We’re going to be exploring deal flow in a nutshell, managing your sources of investment opportunities, screening deals and evaluating your deal flow efficiently to make better informed decisions.

What is deal flow?

Deal flow refers to the process of sourcing, screening, and selecting investment opportunities and can include finding investment ideas by talking with people in your network or by researching trends in the market that you think would yield profitable investments.

The Sources of deal flow

There are three primary sources of deal flow: the entrepreneur, business networks (both personal and professional), or referrals from other investors.
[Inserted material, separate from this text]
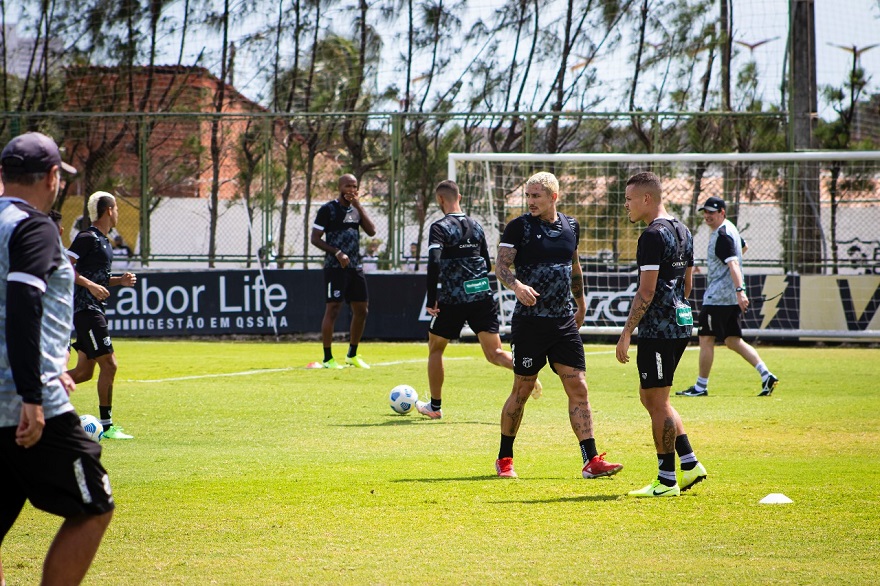 Com atividade em Porangabuçu, técnico Tiago Nunes fez seu quarto treinamento pelo Ceará neste sábado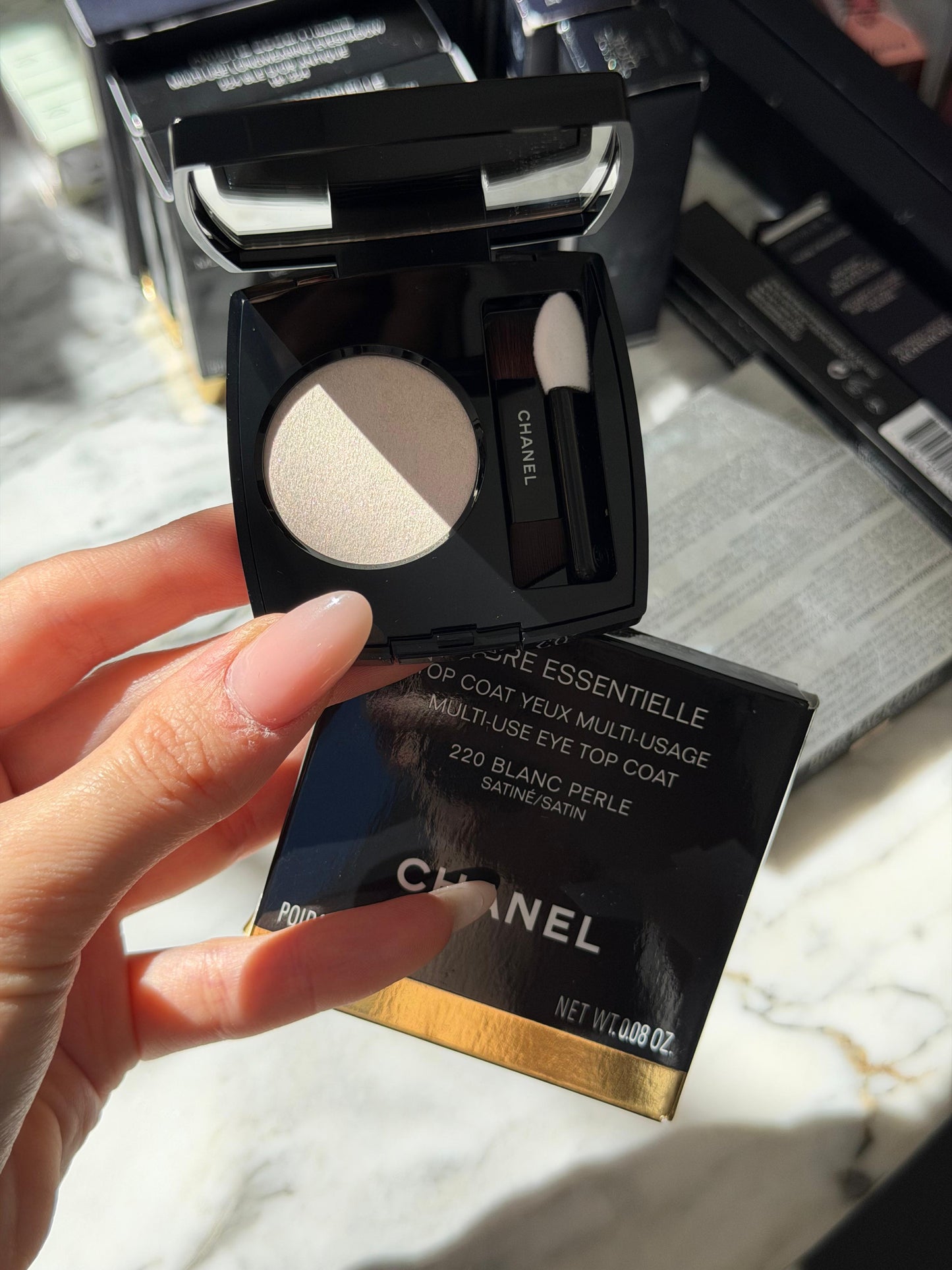 CHANEL Ombre Essentielle Multi-Use Longwearing Eyeshadow (220)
Entrepreneurs are often looking for funding when they have a product or service that is ready for launch but don't have the capital necessary for full-scale production.

Business networks can be helpful in sourcing deals if you know what you're looking for and have a well-developed network.

Finally, referrals from other investors can be a great source of deal flow if you know who to ask.

ScreenBox which creates one deal source for all of our clients. Siphter will funnel the deal flow from all your deal sources to one place. You no longer have to manage the different sources through which you receive deal flow.

Screening deal flow

It's hard enough to keep up with the volume of deals that come across your desk. So how do you decide which ones are worth pursuing? You need a system for sifting through the noise. ScreenBox is designed for entrepreneurs who want to never miss a deal again. It takes all your deal sources and funnels them into one place.

The ScreenBox will funnel, screen and manage your incoming deal flow and cut your analytics and manual tasks by 85%. Now you can focus on the deals that matter and add new deal sources.

Evaluating Investment Opportunities

When evaluating investment opportunities it's important to have a process in place. The first step is sourcing deals which we have covered above. The next step is screening deals. This can be done based on specific criteria you are looking for in an investment opportunity such as the size of the company or stage of development. Once you've narrowed down your potential investment opportunities you'll want to select one or more that seem promising.

As a VC, you know that having the right data in your CRM is essential in order to complete the process of sourcing, screening and selecting investment opportunities. There are four general categories of data points that can be stored in a CRM. These are 1) customer information data, 2) sales pipeline data, 3) deal flow data, 4) financials.

With ScreenBox, there will be no more time consuming manual input of detailed data. Your matching deal flow will automatically be transferred to your CRM or deal flow management software, using the Siphter API.

Try ScreenBox today to help save time when sourcing, screening and selecting investment opportunities. We estimate that you will save around 85% of your time analyzing your deal flow with us!